Kita menanti putusannya, apakah keadilan hanya bagi yang kuat dan berduit ataukah milik semua anak manusia?
Asas kepastian dan kesetaraan di hadapan hukum pada pelaku, akan menunjukan bahwa pihak pemerintah Malaysia mampu menjamin Keadilan bagi Para Pekerja Migran asal Indonesia yang menopang perkembangan sektor domestik dan perkebunan sawit Malaysia.
Pekerja Migran Indonesia di negeri Jiran yang berjumlah 1.289.706 (Investigasi Tempo: 2016: ‘Investigasi Cukong TKI’-Migrant Care) rentan mendapatkan perlakuan sewenang-wenang oleh oleh agen penyalur dan majikan.
Situasi kerja paksa, upah yang tidak dibayar, dianiaya, disiksa bahkan dibunuh adalah kenyataan yang mengharuskan adanya regulasi yang menjamin kenyamanan dalam bekerja serta kepastian bahwa para PMI akan pulang kembali ke kampung halaman dengan selamat dan sehat.
Kasus Adelina hendaknya dijadikan pelajaran bagi Malaysia agar segera mengamandemen regulasinya yang telah usang: UU Ketenagakerjaan/No.177/1967. Sektor domestik pekerja di negeri jiran yang didominasi para pekerja rumah tangga, hendaknya diakui sebagai pekerja hingga diatur hak normatif pekerja di sektor domestik.
Selain itu, bagi pekerja di sektor rumah tangga yang belum mendapat jaminan hukum, Indonesia dan Malaysia hendaknya meratifikasi konvensi ILO (International Labour Organization) No. 189 tentang perlindungan dan pengakuan pekerja rumah tangga.
Ratifikasi regulasi ini, harusnya menjadi instrument dalam menjamin kepastian hukum dan kesetaraan di hadapan hukum. Mengapa? Agar berbagai pengadopsian konvenan, protokel, traktat yang berhubungan dengan kelas pekerja mampu melindungi para pekerja dan menyeret siapa saja yang terjerat dalam tindak pidana perdagangan orang atau perbudakan modern.
Sebab, sebagaimana kabar tersiar, trah UU Tindak Pidana Perdagangan Orang/21/2007 yang diratifikasi dari Protokoler Palermo hanya mampu menjerat para perekrut di lapangan sementara cukong, majikan, pemodal jarang tersentuh atau bahkan tidak tersentuh sama sekali. (Baca: Kasus Sarang Burung Walet Medan 2014, hingga kini pelaku utama bebas berkeliaran).

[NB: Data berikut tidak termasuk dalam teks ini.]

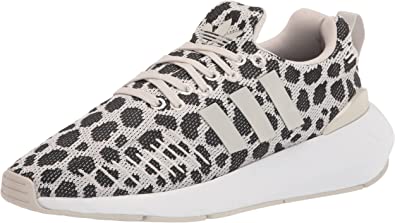 adidas Originals Women's Swift Run 22 Sneaker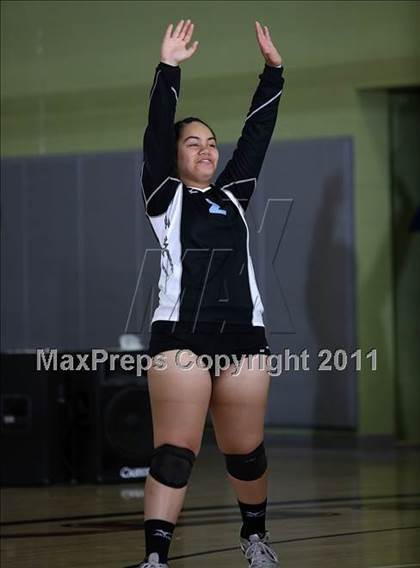 Thumbnail 2 in Carson vs. Granada Hills (CIF LACS D1 Final) photogallery.
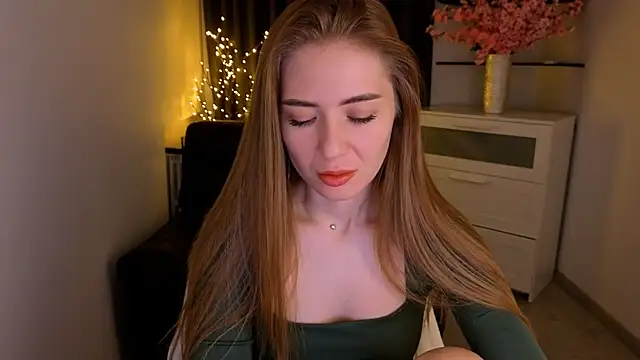 Adelyna Bird online show from February 2026 07:35:01 AM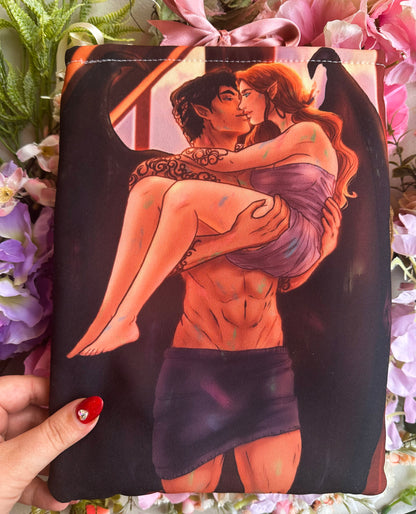 WOODEN PIN: I'm shipping them! Nessian, Feysand, Poppycas, Yenneralt, Jurdan, Darcy Elizabeth, Bryce Hunt, Rowaelin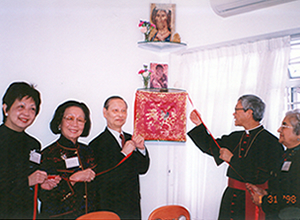 1998年，扶康家庭——邂逅軒舉行開幕典禮，獲陳日君主教(右二)蒞臨祝聖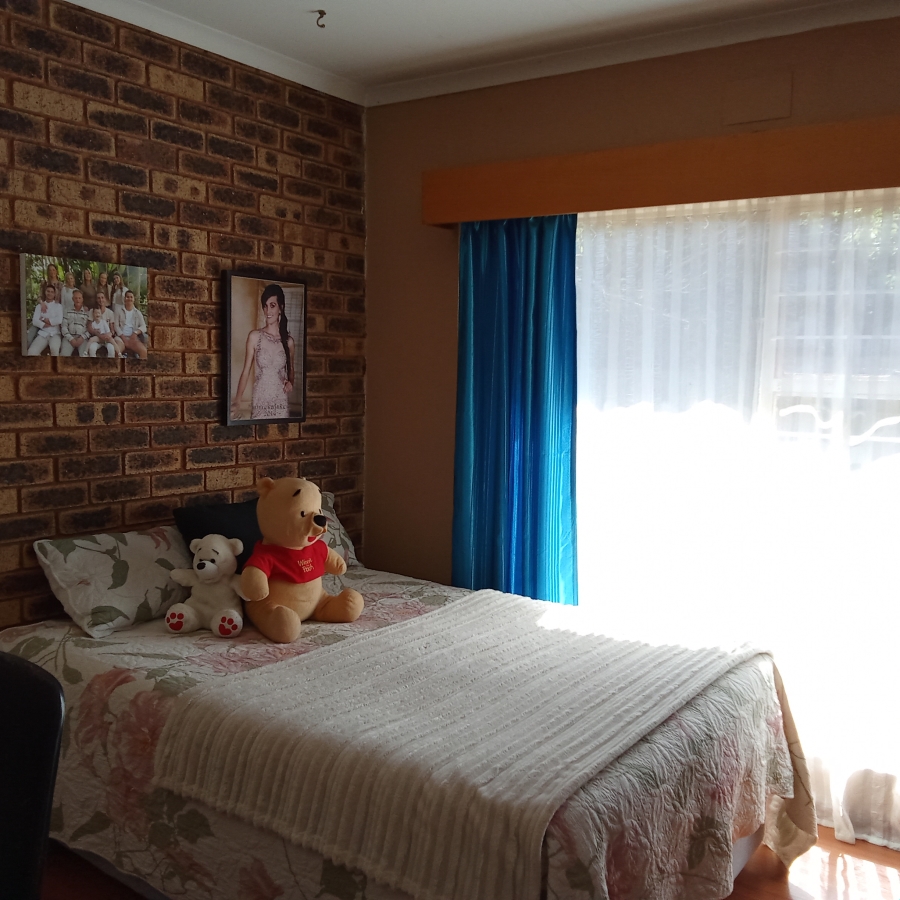 5 Bedroom Property for Sale in Helderkruin View Gauteng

Ironi lainnya, hingga kini Surat Perintah Penyidikan kepada salah seorang pegawai kantor Imigrasi Kupang yang disangkakan terlibat dalam pemalsuan data Adelina belum juga dikeluarkan oleh pihak POLDA NTT.
Miris. Geram. Setelah di tanah orang disiksa, dibunuh dan tidak mendapatkan haknya sendiri, ternyata di negeri sendiri, keadilan bagi Adelina belum mampu ditegakkan oleh pihak kepolisian. Apa kita masih mau menunggu sampai seribu Adelina lagi barulah mengambil tindakan tegas?
Musibah yang dialami Adelina Sa’u adalah gambaran dari ketidakmampuan penguasa dan aparaturnya menerjemahkan berdiktat diktat undang undang. Berlaksa laksa jargon kesejahteraan, menguap setelah selesai didaraskan dengan gagah di atas podium.
Beribu ribu janji manis yang dilontarkan saat pemilihan umum, diabaikan karena pada umumnya rakyat sering jadi korban penipuan setelah itu ditinggalkan sendiri berjuang memastikan dapurnya tetap mengepul.
Prahara Perdagangan Orang yang Terabaikan dari Kampanye Capres (Part 1)
Adelina dan Fakta Kabupaten TTS
Adelina berasal dari Kabupaten Timor Tengah Selatan. Kabupaten yang minim dalam inovasi pembangunan berkelanjutan oleh pemerintah daerahnya. Kabupaten yang ‘dingin- dingin’ saja terhadap nilai dan ide ide baru, untuk memaksimalkan potensi sumber daya alamnya dengan berbasis kerakyatan.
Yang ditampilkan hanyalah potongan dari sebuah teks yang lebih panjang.